The head of the great steel firm—whom so many thousands envied for his wealth, and presumably his happiness—sank back in his deep chair, and let the tears trickle slowly down his worn cheeks. The widower felt as if his heart had been broken for the second time.

Meanwhile, the son dashed down the wide staircase and hurried into the waiting machine.

The traveling bags were already stowed away in the back of the car, and Simpkins stood at the side of it, overcoat and hat on, to go with his employer.

“I shan’t want you, Simpkins,” said Howard calmly. “To-morrow morning go in and see my father. He will make arrangements with you. I shall be away for a week—perhaps much longer. I am going to New York. Drive on, Gustave!” he added, to his chauffeur. “Take the road straight into New York and stop at the Hotel Supremacy. You know where that is.”

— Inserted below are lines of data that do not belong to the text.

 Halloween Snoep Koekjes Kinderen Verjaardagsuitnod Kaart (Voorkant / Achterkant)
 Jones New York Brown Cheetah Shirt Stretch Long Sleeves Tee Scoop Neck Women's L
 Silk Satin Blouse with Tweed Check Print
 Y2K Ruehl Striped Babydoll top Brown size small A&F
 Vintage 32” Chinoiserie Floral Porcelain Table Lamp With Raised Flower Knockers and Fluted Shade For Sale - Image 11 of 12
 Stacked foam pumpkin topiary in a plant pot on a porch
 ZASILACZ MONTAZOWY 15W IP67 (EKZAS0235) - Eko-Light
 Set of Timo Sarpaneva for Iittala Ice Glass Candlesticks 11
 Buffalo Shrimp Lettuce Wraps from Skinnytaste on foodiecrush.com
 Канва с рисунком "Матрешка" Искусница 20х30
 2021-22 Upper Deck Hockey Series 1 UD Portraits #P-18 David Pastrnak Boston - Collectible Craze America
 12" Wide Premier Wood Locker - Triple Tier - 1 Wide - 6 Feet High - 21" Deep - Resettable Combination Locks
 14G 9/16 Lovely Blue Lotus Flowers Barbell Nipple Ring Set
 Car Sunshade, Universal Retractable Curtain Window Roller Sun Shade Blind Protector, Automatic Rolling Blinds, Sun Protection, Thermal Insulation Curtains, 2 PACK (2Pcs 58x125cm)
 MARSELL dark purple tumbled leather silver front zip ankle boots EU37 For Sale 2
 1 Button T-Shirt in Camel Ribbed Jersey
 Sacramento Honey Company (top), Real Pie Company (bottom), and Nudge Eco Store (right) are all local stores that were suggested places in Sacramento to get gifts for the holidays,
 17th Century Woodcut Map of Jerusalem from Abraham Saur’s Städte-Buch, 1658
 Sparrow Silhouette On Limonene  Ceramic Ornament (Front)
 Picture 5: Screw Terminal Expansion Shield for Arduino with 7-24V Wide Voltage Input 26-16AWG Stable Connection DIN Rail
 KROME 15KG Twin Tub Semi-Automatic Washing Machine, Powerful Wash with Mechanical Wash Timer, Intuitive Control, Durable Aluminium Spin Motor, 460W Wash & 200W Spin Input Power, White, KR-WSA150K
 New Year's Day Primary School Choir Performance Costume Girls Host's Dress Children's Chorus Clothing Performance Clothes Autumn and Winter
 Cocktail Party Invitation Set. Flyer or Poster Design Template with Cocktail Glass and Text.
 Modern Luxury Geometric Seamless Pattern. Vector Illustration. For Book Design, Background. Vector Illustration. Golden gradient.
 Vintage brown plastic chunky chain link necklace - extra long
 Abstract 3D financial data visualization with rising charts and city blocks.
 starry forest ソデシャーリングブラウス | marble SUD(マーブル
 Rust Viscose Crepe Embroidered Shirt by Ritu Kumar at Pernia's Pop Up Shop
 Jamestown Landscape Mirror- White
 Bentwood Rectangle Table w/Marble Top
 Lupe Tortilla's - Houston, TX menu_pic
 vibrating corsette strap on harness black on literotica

“Yes, sir,” replied Gustave briefly, as he threw on the power.

The road Gustave took did not lead past the Old Pike Inn. Howard Milmarsh had remembered that when he gave the direction. He did not want to run right into the arms of the law, and he did not forget that he had seen Nick Carter watching him from the porch of the popular resort.

It was not the habit of Carter to take up any ordinary murder case, even when it came immediately under his notice. But Howard Milmarsh had a feeling that the great detective would surely concern himself in this one, for he had long been a friend of Howard’s father.

While Howard Milmarsh skimmed along at thirty miles an hour and more in the direction of New York, Nick was hurrying up to the Milmarsh mansion in the large, gray car that he generally used for his country excursions, and which had brought him to the Old Pike Inn that evening.

“Mr. Nick Carter would like to see you, sir,” announced a wooden-visaged servant in livery to the millionaire, not more than twenty minutes after the departure of his son. “He will not detain you long, he told me to say.”